Here are just a few examples of how you can apply the Mindful Eating Cycle concepts and techniques that we described in Eat What You Love, Love What You Eat with Diabetes to use the glycemic index to help you manage your diabetes.

  • When Do I Eat? As you remember from chapter 5, When do I Want to Eat?, hunger is caused by a falling blood sugar level. If you have developed a habit of choosing “quick” energy foods, you may experience a rapid rise and then fall of your blood sugar, creating a vicious cycle of hunger. Your awareness of this cycle might lead you to experiment with lower GI or GL foods and foods that lead to more lasting satiety such as protein.

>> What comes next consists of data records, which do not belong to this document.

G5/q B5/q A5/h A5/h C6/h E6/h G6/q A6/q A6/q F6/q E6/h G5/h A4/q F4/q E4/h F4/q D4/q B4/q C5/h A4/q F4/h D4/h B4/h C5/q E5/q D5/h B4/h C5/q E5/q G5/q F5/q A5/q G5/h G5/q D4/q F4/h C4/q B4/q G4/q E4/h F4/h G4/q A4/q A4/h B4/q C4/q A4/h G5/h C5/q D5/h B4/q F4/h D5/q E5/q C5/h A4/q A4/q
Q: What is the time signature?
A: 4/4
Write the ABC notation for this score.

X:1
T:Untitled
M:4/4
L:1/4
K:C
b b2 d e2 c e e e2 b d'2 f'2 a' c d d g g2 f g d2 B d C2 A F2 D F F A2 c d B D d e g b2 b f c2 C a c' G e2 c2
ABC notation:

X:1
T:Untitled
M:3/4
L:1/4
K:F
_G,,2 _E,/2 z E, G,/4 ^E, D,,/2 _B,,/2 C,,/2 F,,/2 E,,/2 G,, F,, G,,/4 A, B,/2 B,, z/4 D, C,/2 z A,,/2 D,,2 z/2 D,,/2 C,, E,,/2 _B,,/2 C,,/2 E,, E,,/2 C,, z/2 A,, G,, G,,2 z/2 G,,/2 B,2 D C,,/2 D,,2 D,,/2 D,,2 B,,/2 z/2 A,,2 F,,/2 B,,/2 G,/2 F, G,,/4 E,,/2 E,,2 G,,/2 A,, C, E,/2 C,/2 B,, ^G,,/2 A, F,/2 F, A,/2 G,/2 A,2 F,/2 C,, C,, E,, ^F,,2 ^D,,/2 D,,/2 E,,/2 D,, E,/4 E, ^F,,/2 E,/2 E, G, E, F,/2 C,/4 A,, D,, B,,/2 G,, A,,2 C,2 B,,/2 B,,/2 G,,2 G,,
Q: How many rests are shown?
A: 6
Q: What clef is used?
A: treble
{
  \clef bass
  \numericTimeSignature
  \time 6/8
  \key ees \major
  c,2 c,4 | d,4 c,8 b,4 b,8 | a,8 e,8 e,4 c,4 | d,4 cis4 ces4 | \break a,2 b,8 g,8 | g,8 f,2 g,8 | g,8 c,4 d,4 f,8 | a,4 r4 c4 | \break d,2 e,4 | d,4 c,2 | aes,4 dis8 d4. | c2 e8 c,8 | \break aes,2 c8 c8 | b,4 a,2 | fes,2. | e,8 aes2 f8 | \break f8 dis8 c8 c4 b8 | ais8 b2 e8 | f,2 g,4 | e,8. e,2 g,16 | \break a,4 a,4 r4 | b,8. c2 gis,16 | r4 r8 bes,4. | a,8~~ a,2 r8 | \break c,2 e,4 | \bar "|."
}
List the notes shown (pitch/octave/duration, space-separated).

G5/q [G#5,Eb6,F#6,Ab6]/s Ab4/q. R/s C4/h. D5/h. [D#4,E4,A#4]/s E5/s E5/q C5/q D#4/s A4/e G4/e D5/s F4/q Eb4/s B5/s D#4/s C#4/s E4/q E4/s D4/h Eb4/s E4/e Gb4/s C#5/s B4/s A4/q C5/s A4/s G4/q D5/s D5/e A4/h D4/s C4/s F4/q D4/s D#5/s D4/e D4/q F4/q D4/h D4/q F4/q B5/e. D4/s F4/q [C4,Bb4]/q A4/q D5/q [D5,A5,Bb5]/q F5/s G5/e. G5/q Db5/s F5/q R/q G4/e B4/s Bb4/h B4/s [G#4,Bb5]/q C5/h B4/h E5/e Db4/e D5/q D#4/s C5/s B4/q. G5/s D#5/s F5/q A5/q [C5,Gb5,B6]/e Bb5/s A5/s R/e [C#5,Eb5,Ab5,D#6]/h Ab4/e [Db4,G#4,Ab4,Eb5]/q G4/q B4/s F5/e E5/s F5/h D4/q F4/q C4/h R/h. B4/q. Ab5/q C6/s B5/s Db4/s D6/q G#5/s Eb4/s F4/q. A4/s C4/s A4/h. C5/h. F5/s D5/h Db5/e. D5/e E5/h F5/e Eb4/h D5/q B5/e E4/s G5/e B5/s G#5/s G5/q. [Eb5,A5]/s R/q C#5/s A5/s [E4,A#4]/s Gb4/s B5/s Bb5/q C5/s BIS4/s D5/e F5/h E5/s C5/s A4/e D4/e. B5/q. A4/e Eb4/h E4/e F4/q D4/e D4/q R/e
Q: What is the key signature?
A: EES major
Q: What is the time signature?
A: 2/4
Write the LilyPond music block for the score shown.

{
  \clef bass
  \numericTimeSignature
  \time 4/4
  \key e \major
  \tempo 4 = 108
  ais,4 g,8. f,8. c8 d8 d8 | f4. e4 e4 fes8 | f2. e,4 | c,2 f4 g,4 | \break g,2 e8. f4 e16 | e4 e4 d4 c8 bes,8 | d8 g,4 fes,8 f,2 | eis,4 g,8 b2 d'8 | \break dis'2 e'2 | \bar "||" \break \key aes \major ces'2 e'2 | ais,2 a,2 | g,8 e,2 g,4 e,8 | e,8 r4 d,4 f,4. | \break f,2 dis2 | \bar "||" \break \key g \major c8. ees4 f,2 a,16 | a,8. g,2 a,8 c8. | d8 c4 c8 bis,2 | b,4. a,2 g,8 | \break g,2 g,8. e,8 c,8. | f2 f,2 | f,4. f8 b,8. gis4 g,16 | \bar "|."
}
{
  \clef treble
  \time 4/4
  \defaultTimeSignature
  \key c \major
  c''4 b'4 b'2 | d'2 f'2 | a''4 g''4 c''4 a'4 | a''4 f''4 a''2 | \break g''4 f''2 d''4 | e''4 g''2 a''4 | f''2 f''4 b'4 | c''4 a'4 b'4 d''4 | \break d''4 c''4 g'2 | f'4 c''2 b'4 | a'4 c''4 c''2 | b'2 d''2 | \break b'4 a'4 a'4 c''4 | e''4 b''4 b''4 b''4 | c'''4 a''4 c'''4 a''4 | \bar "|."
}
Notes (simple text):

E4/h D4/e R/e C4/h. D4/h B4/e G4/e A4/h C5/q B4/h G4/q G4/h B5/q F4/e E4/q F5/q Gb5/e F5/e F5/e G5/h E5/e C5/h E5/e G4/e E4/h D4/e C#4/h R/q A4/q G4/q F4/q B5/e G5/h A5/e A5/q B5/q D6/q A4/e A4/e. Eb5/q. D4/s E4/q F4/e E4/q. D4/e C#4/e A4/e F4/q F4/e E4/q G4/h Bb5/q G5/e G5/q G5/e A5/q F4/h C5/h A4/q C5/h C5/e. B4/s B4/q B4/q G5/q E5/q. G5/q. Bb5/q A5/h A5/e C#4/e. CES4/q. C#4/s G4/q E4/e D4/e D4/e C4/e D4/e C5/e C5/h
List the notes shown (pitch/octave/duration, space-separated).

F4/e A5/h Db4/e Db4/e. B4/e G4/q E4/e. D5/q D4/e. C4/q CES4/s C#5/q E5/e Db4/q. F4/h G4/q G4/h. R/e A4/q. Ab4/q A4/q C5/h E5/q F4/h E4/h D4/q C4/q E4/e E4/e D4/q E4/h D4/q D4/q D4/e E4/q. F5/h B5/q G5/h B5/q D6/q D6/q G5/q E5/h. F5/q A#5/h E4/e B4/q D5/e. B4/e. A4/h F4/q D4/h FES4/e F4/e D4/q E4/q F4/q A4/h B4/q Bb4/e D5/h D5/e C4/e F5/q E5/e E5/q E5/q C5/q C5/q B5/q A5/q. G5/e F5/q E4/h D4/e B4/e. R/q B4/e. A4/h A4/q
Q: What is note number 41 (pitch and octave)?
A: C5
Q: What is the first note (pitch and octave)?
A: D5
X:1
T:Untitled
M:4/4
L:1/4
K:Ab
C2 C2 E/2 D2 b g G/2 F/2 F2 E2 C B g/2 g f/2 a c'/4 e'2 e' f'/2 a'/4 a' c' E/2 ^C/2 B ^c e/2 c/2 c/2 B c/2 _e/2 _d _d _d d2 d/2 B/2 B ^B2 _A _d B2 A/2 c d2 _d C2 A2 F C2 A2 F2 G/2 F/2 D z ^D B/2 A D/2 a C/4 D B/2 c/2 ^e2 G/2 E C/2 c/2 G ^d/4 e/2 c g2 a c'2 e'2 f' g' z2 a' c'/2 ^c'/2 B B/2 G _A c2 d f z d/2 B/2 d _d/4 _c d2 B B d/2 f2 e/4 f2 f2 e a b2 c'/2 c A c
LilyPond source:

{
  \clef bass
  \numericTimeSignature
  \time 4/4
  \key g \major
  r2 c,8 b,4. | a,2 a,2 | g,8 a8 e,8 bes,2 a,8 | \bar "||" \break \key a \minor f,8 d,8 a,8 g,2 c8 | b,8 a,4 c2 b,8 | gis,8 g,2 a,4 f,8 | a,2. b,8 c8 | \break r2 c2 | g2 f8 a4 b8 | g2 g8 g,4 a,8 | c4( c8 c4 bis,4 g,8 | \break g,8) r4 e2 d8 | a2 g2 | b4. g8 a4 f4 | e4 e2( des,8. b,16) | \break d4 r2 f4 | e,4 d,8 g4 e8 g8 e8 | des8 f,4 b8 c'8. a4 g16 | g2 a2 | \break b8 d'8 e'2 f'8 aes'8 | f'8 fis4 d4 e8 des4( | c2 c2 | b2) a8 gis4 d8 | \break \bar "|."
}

  • What Do I Eat? We strongly believe in an “all-foods-fit” approach to nutrition! In the Eat What You Love, Love What You Eat Diabetes Plate, the upper right hand corner indicates foods that contain carbohydrates including grains, starchy vegetables, fruit, fruit juice, milk, yogurt, sweets, and desserts (see chapter 7 for a complete explanation). While the total amount of carbohydrate you eat at a snack or meal is the most important (and relatively simplest) information for helping you decide what to eat, the GI and GL can help you experiment with different types of carbohydrates to measure their effect on your blood sugar. For example, if you are really in the mood for dessert, you might balance it with carbohydrate-containing foods with a lower GI.
  • How Do I Eat? Eating with the intention of satisfying hunger, enjoying your food, and/or managing your diabetes will help you decide what is most important for you to pay attention to at any particular meal.
  • How Much Do I Eat? Again, the GI of a food is based on a reference amount of that food, not on how much you eat of that food. Paying attention to satiety and testing your blood sugar two hours after the first bite of a meal will help you learn more about how your body processed that food.

In short, while glycemic index and glycemic load provide potentially useful information, the priority is making decisions based on what works for you.